Your previous question (METROPOLITAN OPERA QUIZ) and this one reminded me the following old puzzle, published in one of Martin Gardner's books on recreational mathematics: 'J.F. Kennedy was born in 1917, was elected as U.S. President in 1960. His book 'Profiles in courage' was published when he was 46, in his 3rd year in office. The sum
1917 + 1960 + 46 + 3 = 3926
Charles de Gaulle was born in 1890, was elected as President of France in 1958 and when he was 73 years old, he has been in office for 5 years.The sum
1890 + 1958 + 73 + 5 = 3926.
How to explain that remarkable coincidence?'
Explanation: if we take an arbitrary date and add to it the number of years to a particular following date (1963 in the puzzle), we'll simply get that second date. Also, for any 4 numbers a, b, c, d we have
a + b + c + d = a + c + b + d = (a + c) + (b + d), so
1917 + 1960 + 46 + 3 = (1917 + 46) + (1960 + 3) = 2 * 1963 = 3926
1890 + 1958 + 73 + 5 = (1890 + 73) + (1958 + 5) = 2 * 1963 = 3926
So, there is nothing remarkable and it is quite trivial!
Now from your equation and above notes we can conclude that either:
a) if the person has celebrated a birthday in the year of his death, then the number of compositions is equal to his century year of birth, or
b) otherwise the number of compositions is equal to his century year of birth plus one (as is the case in Del_icious_manager's answer - Wagner hadn't entered his 70th year yet when he died in February 1883, being born in May 1813 - by the way I also didn't know about 'Die Hochzeit')

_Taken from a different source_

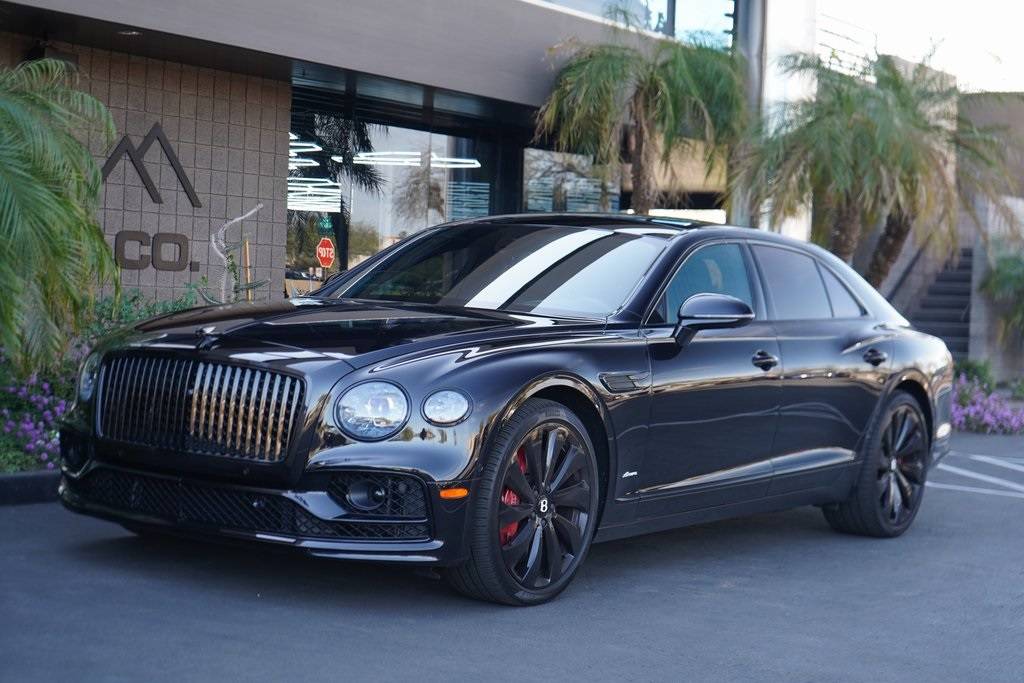 2023 Bentley Flying Spur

May I suggest to the public in CM Forum a puzzle with some arithmetic involved too? Recall that an integer number, being a product of some integer and itself is called 'perfect square', for example
64 = 8 * 8 = 8² and 64 is a perfect square (imagine 8 x 8 chessboard).
But 64 = 4 * 4 * 4 = 4³, so 64 is also a perfect cube, finally
64 = 2 * 2 * 2 * 2 * 2 * 2 = 2⁶ is simultaneously a perfect 6th power.
Now the puzzle, it is very easy: identify the composer by the following:
1) The number of symphonies he has written is a perfect square;
2) The Opus number of his last symphony is a perfect cube;
3) The number of his string quartets is a perfect 4th power;
4) The number of his piano sonatas is a perfect 5th power;
5) The number of his operas is simultaneously a perfect 2nd, 3rd, 4th and 5th power.
I am sure no hints are necessary, happy solving!